I’ve just finished reading Piece of Cake, Derek Robinson’s controversial novel about the RAF in 1939 and 1940. Controversial because this is a bleak, cynical, and blackly comic look at flying in wartime. As such, it’s rather like Hornet’s Sting, the same author’s take on First World War flyers. Something about the setting makes this a much punchier effort, though.
The concept of “The Few” in the Battle of Britain is a core part of the British national myth, with the young fighter pilots of the RAF held to be examples of everything good about Britain and the British. Robinson’s view of “The Few” is that it consisted mainly of morally blank undergraduates, with a smattering of swaggering crypto-fascists and cold-eyed psychopaths for good measure. At the heart of the novel is Pilot Officer “Moggy” Cattermole, a sort of Flashman for the Twentieth Century – except that Flashman was always intended to be a loveable rogue, and there’s nothing loveable about Cattermole.

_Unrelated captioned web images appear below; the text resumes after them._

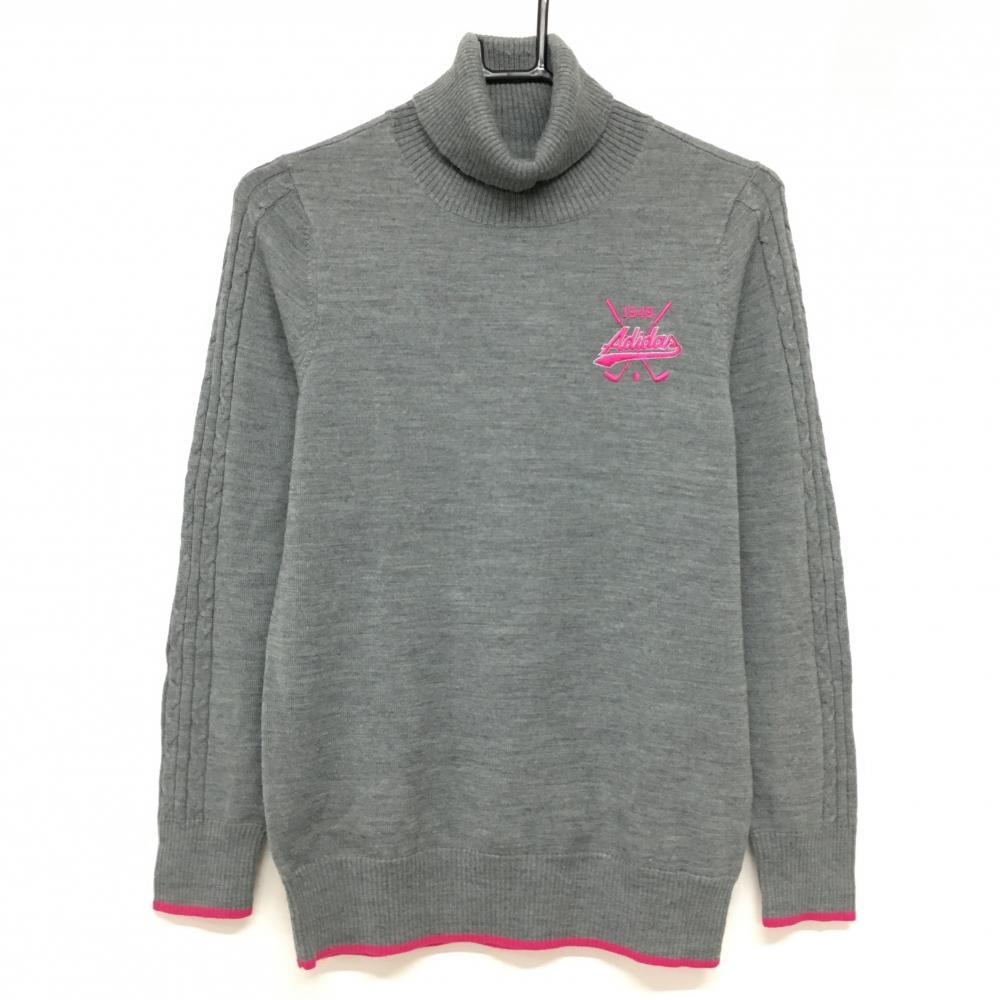 アディダス タートルネックセーター グレー×ピンク 袖ケーブル編み ウール混 ニット  レディース L/G ゴルフウェア adidas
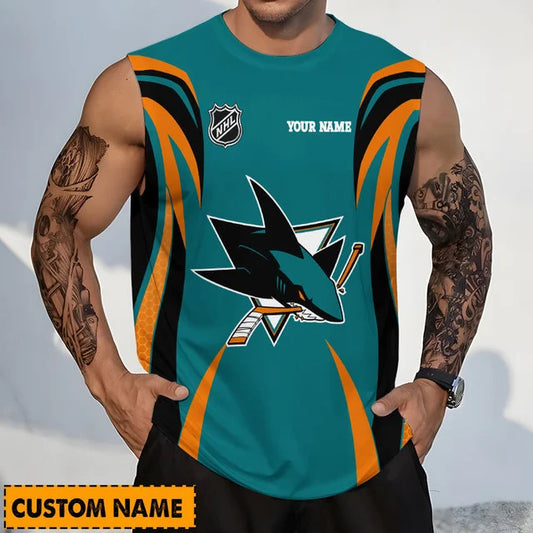 LIMITED EDITION - NEW CUSTOMIZED NHL32 SJS SAN JOSE SHARKS TANK TOP & GYM SHIRT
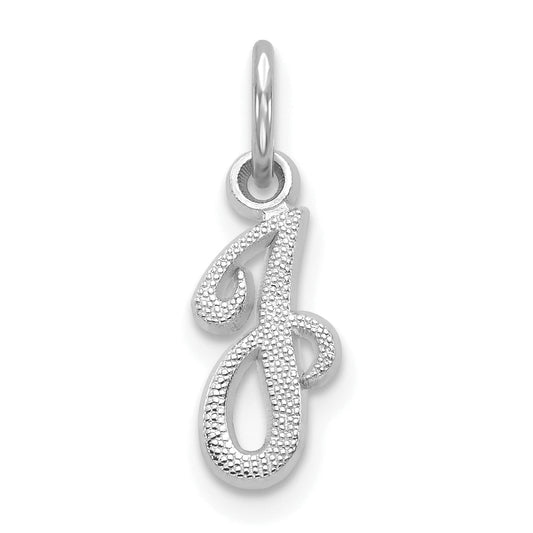 14K White Gold 14Kw Casted Script Letter J Initial Charm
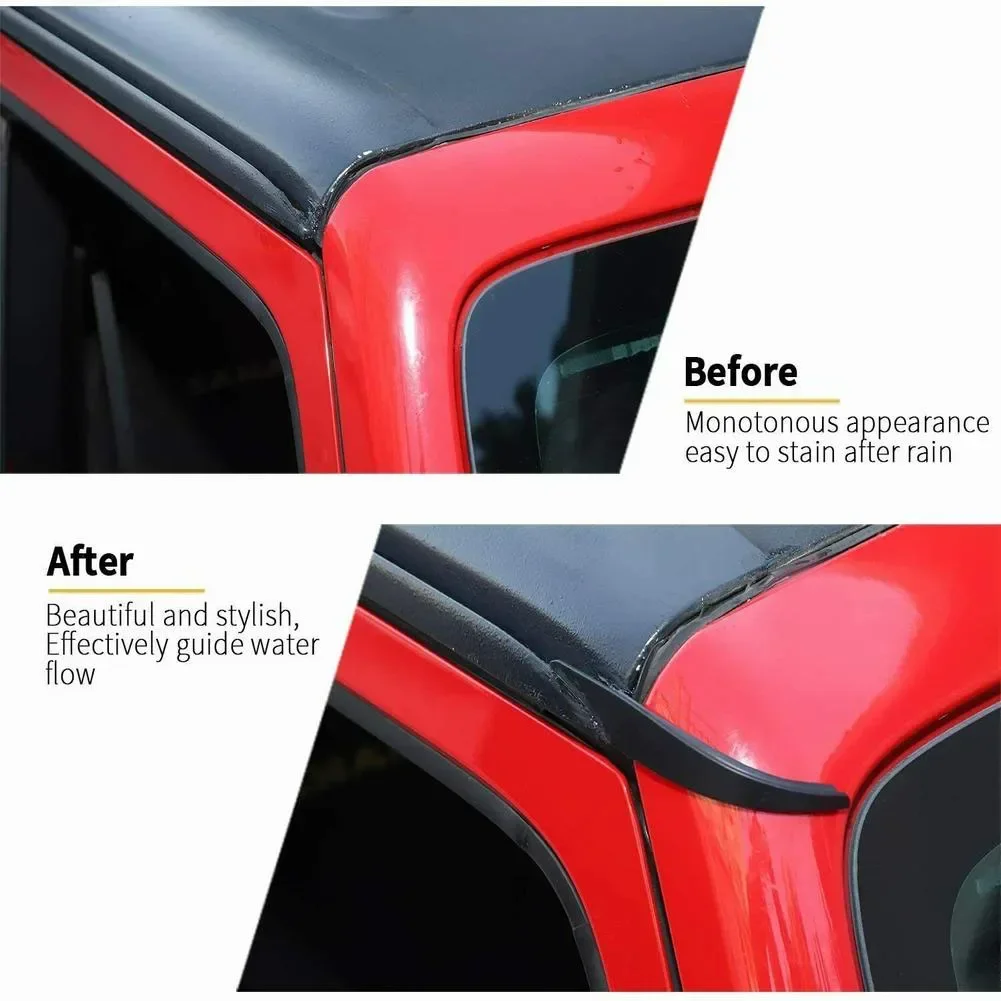 Car Roof Water Rain Gutters Suitable For Jeep For Wrangler JK 2007-2017 Rain Trough Extension Fittings Auto Rain Diverter Parts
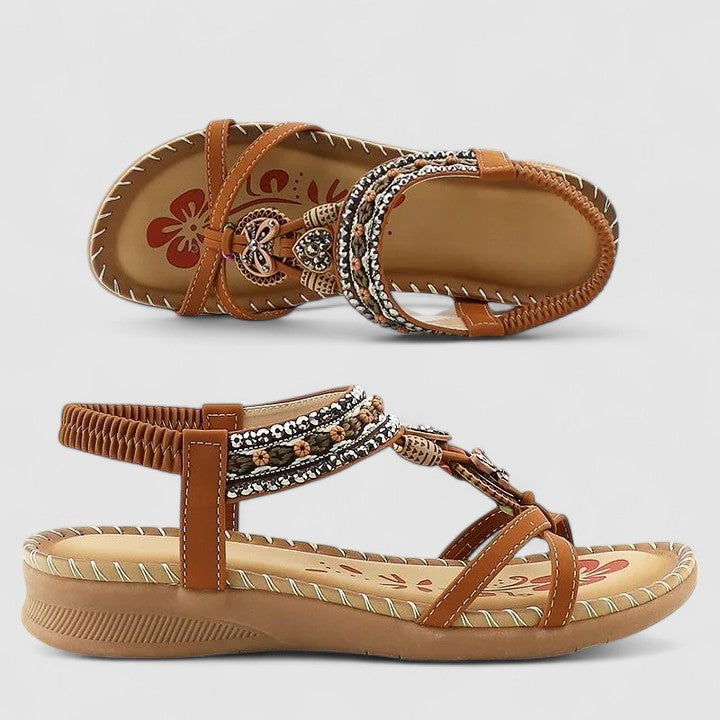 Ingeborg Halvorsdóttir | Red Boho Orthopedic Flat Sandals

The author’s skill is that even though these pilots are painted in pretty dark colours, they still do things which you’d have to admit are heroic – like getting into an aircraft five times a day in order to take on odds of five-to-one. Does this make up for their deficiencies? Perhaps. As Robinson points out, the fact that the men who won the Second World War were so flawed doesn’t diminish their achievements, it makes them far more impressive.